As I'm writing this, I've just had an amazing time with God. No, it was not at church or with friends and I haven't just come back from some amazing Christian conference. No, it was just me and God in my lounge.
I have to confess something. I'm pretty rubbish when it comes to prayer and Bible reading. I can go through months without actually opening my Bible for private Bible reading. Yes, I will read the Bible when preparing for my youth group or preparing to lead worship in church, but that's all. My prayers are usually limited to "Thank you Lord for this day. Amen" and then go to sleep. It's not that I don't want to, but somehow, something is keeping me from spending time with God.
But tonight, I somehow felt it was time to spend time with God. I wasn't planning on it at all. I was just watching TV. I just finished watching an episode of the Great British Menu and was flipping through some channels to see what was on, when I suddenly got the urge to just turn off the TV and open my Bible and read. I have a Bible in a year schedule, which I printed off at the beginning of the year. I think I got stuck at 6 January, so now I'm just picking it up at 1 September. I started with a simple prayer asking God to open my eyes and ears to His Word and help me understand it and then read it. After reading it, I picked up my guitar and started worshipping. I just went through some songs that remind me of who Jesus is and what He's done for me. I then put my guitar down and starting praying. I wasn't praying for anything in particular. I just wanted to thank God for everything He's done for me and ask for the Holy Spirit to fill me. And you know, for the first time in probably years, I really sensed God's presence. I walked around me room praising God, went down on my knees in submission to the King of all kings (something I never do) and lied down on my couch, just enjoying God's presence. After that, I picked up my guitar again and started strumming some random chords and just started to sing the amazing truths about God, how He sent his Son Jesus to die for my sins and rose from the dead. How His peace, that passes all understanding will guard my heart and mind in Jesus. How His grace is enough and that His power is revealed in my weakness.

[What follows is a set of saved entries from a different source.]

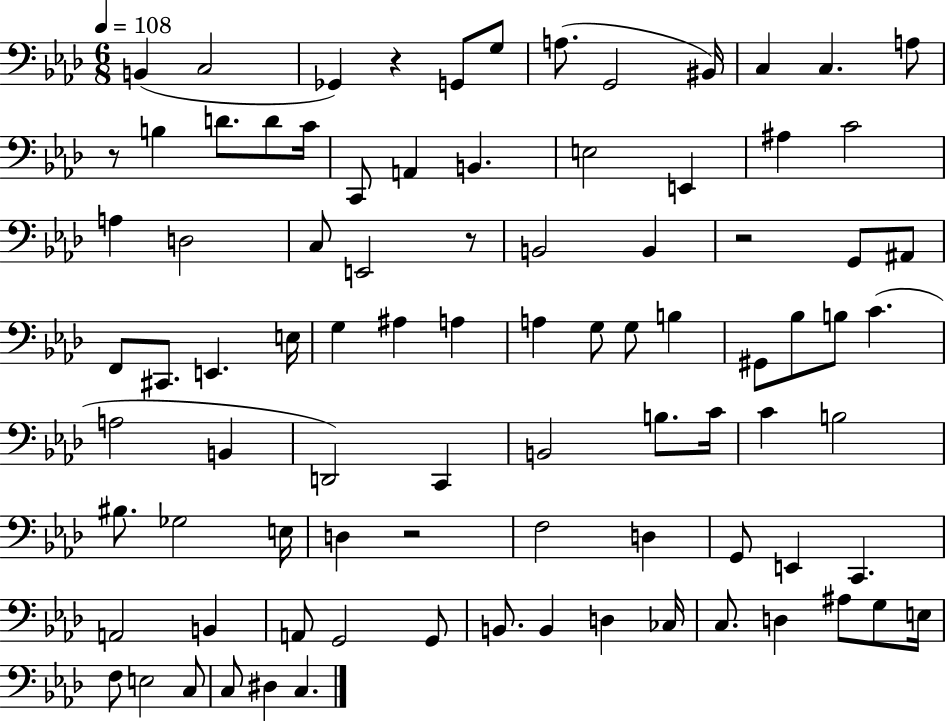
X:1
T:Untitled
M:6/8
L:1/4
K:Ab
B,, C,2 _G,, z G,,/2 G,/2 A,/2 G,,2 ^B,,/4 C, C, A,/2 z/2 B, D/2 D/2 C/4 C,,/2 A,, B,, E,2 E,, ^A, C2 A, D,2 C,/2 E,,2 z/2 B,,2 B,, z2 G,,/2 ^A,,/2 F,,/2 ^C,,/2 E,, E,/4 G, ^A, A, A, G,/2 G,/2 B, ^G,,/2 _B,/2 B,/2 C A,2 B,, D,,2 C,, B,,2 B,/2 C/4 C B,2 ^B,/2 _G,2 E,/4 D, z2 F,2 D, G,,/2 E,, C,, A,,2 B,, A,,/2 G,,2 G,,/2 B,,/2 B,, D, _C,/4 C,/2 D, ^A,/2 G,/2 E,/4 F,/2 E,2 C,/2 C,/2 ^D, C, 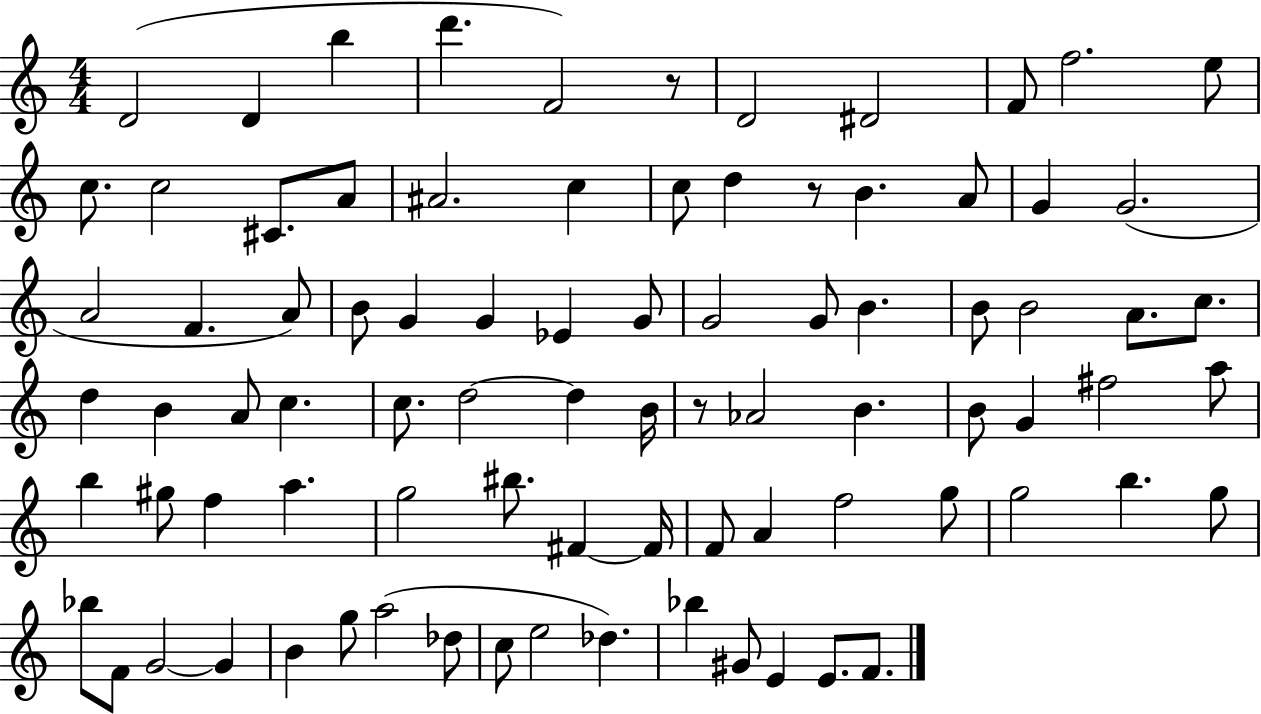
D4/h D4/q B5/q D6/q. F4/h R/e D4/h D#4/h F4/e F5/h. E5/e C5/e. C5/h C#4/e. A4/e A#4/h. C5/q C5/e D5/q R/e B4/q. A4/e G4/q G4/h. A4/h F4/q. A4/e B4/e G4/q G4/q Eb4/q G4/e G4/h G4/e B4/q. B4/e B4/h A4/e. C5/e. D5/q B4/q A4/e C5/q. C5/e. D5/h D5/q B4/s R/e Ab4/h B4/q. B4/e G4/q F#5/h A5/e B5/q G#5/e F5/q A5/q. G5/h BIS5/e. F#4/q F#4/s F4/e A4/q F5/h G5/e G5/h B5/q. G5/e Bb5/e F4/e G4/h G4/q B4/q G5/e A5/h Db5/e C5/e E5/h Db5/q. Bb5/q G#4/e E4/q E4/e. F4/e.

If it sounds like I'm boasting myself and how spiritual I am, I'm not. I'm boasting about Jesus. I wasn't planning on doing this tonight. If it was up to me, I would have kept on watching TV. I just felt an urge to spend time with God and I'm glad I did. As you've read in my previous blog, I came home from New Wine a bit disappointed, as I haven't felt God there as I hoped. Yes, I know He was there and was at work in me, but I didn't feel Him. I was also reminded that feelings can mislead you. I know for a fact that God loves me and Jesus died on the cross for me. My salvation is completely external from my emotions. It's based on Jesus dying on the cross and His resurrection and my feelings won't change that. But tonight, after spending this time with God, reading the Bible, praying and worshipping, I really feel refreshed.
I've learnt that God does things in his own time. I expected this to happen at New Wine. In my opinion, everything was there to give me an amazing experience of God's love and power. There were loads of people praying for me, but I didn't feel anything. I didn't experience God's presence. But tonight I did. At home, on my own. Just me and God. I think we had a great time together. I'm looking forward to our next appointment. (Just kidding, I'm His child. I don't need an appointment.)
2 comments:
There you go! Your prayers (previous post!) have been answered; and probably in much more powerful and meaningful way BECAUSE God knows you better than you know yourself, and knows what you need best :) AMAZING!! Amen!!xxx
I am very pleased for you. A touch from the Lord changes everything. A personal direct encounter with the Lord is so good as you know it was God on God's terms. And all that in the comfort of your own home!